Work required: Once you find the line below that has "wholesale S925 Sterling", output it and every line after it exactly, stopping after the line that has "Modus Austin King", with no pictures.

Study material:
+++++

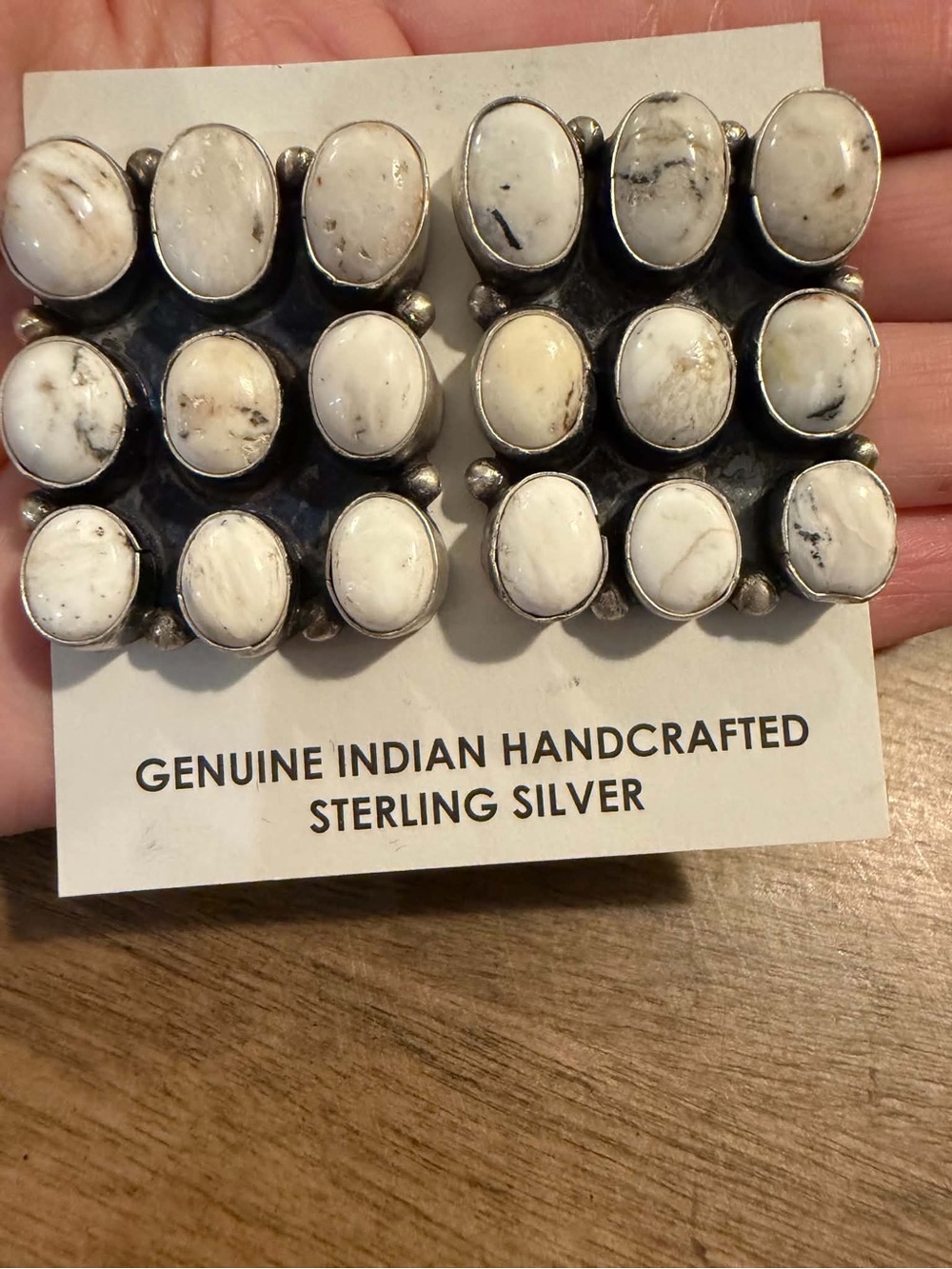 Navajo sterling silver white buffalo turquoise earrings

+++++

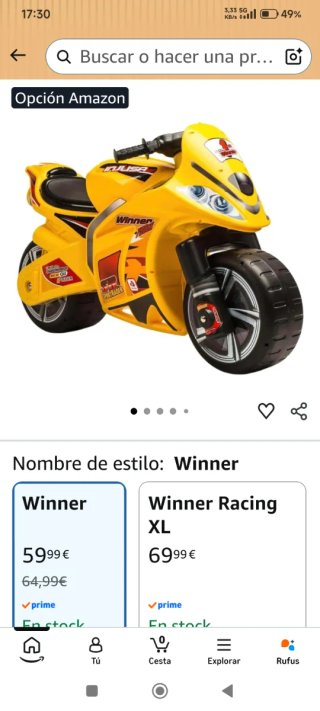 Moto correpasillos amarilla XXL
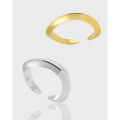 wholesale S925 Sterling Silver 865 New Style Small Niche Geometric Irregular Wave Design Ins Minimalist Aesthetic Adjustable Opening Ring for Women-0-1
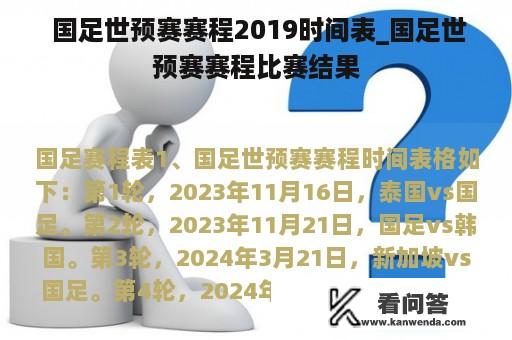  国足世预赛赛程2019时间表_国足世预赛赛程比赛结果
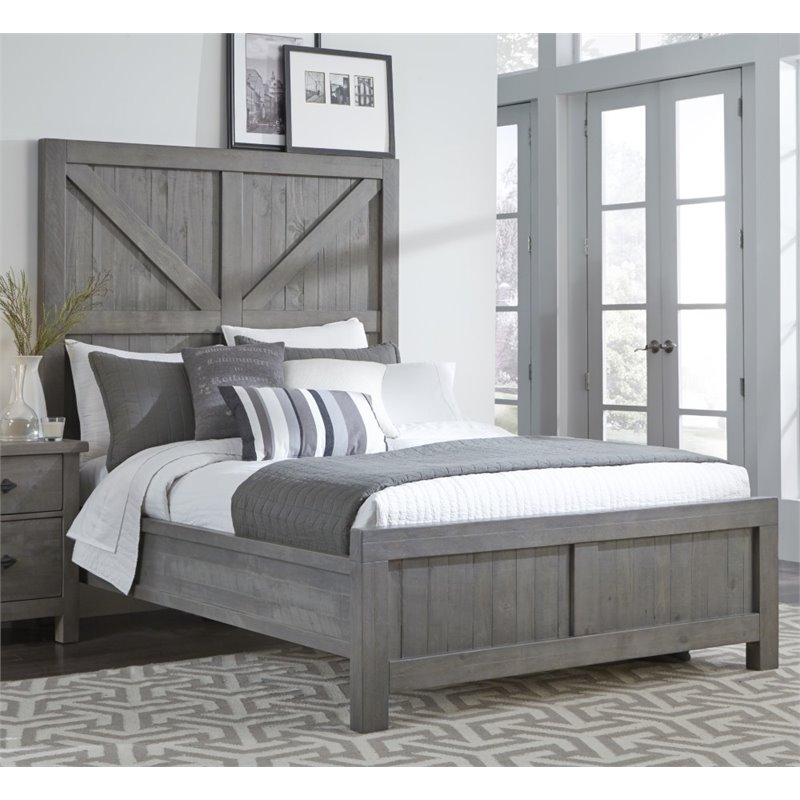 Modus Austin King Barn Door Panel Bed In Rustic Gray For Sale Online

+++++

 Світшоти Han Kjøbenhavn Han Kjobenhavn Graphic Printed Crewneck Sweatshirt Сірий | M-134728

+++++

Final answer:
 wholesale S925 Sterling Silver 865 New Style Small Niche Geometric Irregular Wave Design Ins Minimalist Aesthetic Adjustable Opening Ring for Women-0-1
  国足世预赛赛程2019时间表_国足世预赛赛程比赛结果
 Modus Austin King Barn Door Panel Bed In Rustic Gray For Sale Online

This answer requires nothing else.